One element, however, stands out for me in a hesitant yet necessary revisit of The Zone of Interest. The lone respites from our imprisonment in the Höss home are sequences of a young Polish girl (Zuzanna Kobiela) sneaking out in the dead of night to hide apples for camp prisoners to find. Captured with deeply unsettling thermal imagery, the girl and her apples have an alien white glow in the inky dark, creating breathless tension from the threat of discovery. It’s the film’s sole act of resistance, a beacon of hope amidst the film’s oppressive complacency. But in a near-throwaway line, we learn that two prisoners are caught fighting over an apple, and are drowned for their insubordination. How does this color, then, the girl’s attempts to make a difference? As prisoners in Auschwitz, it’s likely these victims were unjustly destined for their fates to begin with–but if she hadn’t planted the apple, would their lives have been prolonged for a few more moments? Do their fates invalidate the others that might be saved (or have been saved) as a result of her actions? Is that incremental resistance, even with its own fatal consequences, better than no resistance at all?

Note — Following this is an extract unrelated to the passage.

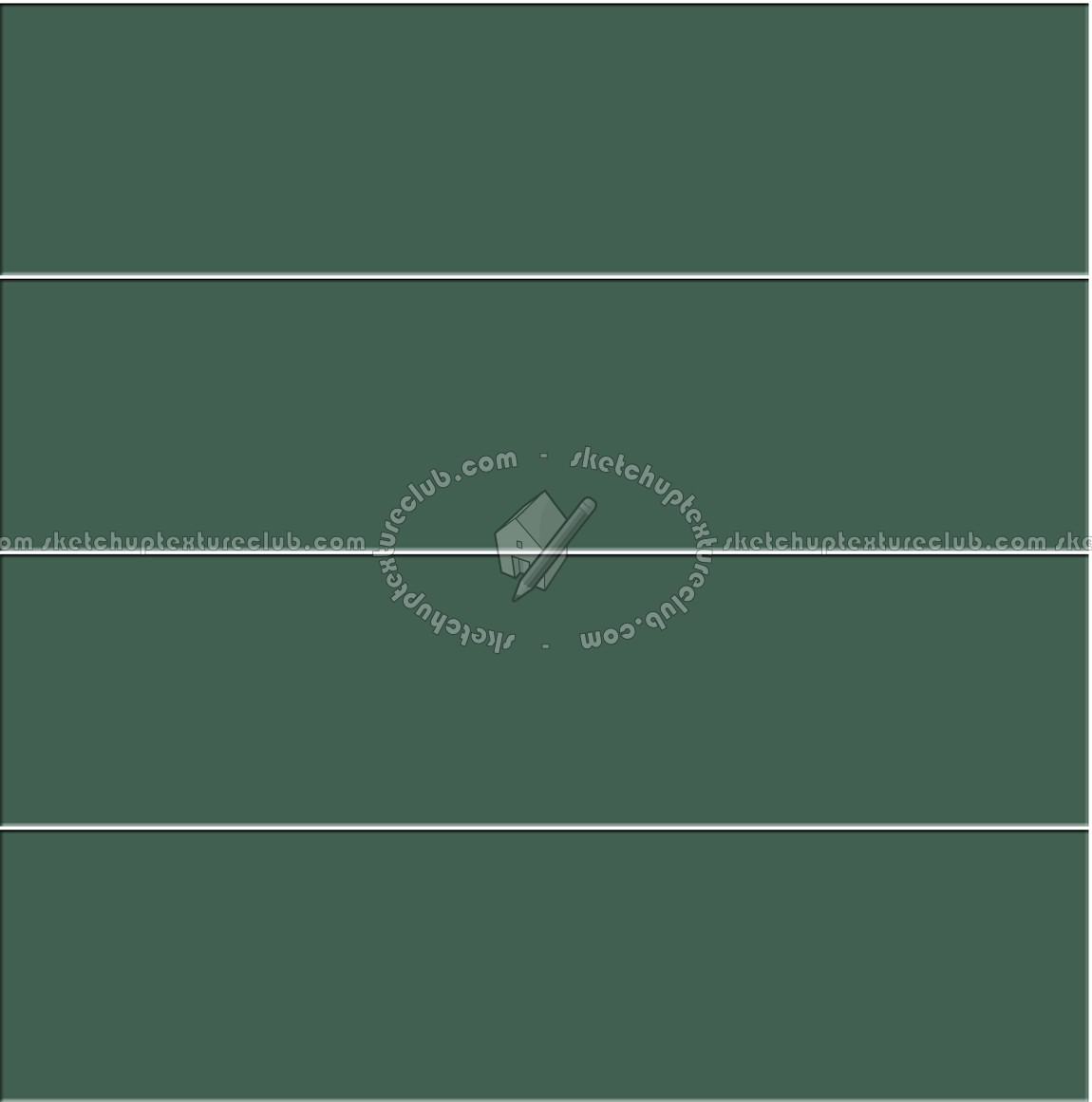 Textures - ARCHITECTURE - TILES INTERIOR - Mosaico - Mixed format - Mosaico mixed size tiles texture seamless 15590 (seamless)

There’s another narrative break that further pairs with Killers of the Flower Moon as one of 2023’s most shockingly self-reflexive endings. As we bear witness to the consequences of the Hösses’ actions at a far nearer point in time, it becomes clear that Glazer’s film is just as concerned with its own culpability in creating a film about the Hösses as much as it is with how it depicts their actions. Like the Polish villager and her fateful apples, does creating a film about the Holocaust from the POV of its perpetrators run the risk of humanizing such bloodshed as much as it admonishes it? Will smashing the boundaries between past and present have as much impact on the future as we might hope? 

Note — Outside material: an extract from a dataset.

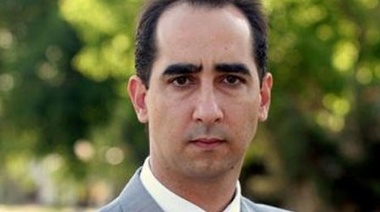 Morón: intendente amargo ordena suspender los corsos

Despite how little heed is given to the future by figures like Höss, it’s clear that The Zone of Interest finds further hope in those who preserve the grounds of Auschwitz and other concentration camps today. Where so many others in the film go to great lengths to build walls and create order to deny the chaos around them, these caretakers of the past devote their lives to maintaining an environment that rejects the ability for such denial to thrive.

The Zone of Interest’s total legacy is yet to be seen, but it’s clear that we’ve reached a point in our consumption of pop culture where it’s not enough to condemn the actions of the past and leave our screenings reassured of our moral superiority. It’s too easy to look at atrocities like the Holocaust from the comforts of our cinema seats and dolefully agree that these things should and will never happen again. Domestic and international incidents still unfolding today in Europe and the Middle East to disturbingly increasing global apathy prove that isn’t the case. 

If anything, The Zone of Interest proves itself to be horrifically timely in how willingly we wall ourselves off from our complicity in genocide by any means necessary, however involved we are or how well-intentioned our actions may be. 

The Zone of Interest is now playing in limited release from A24.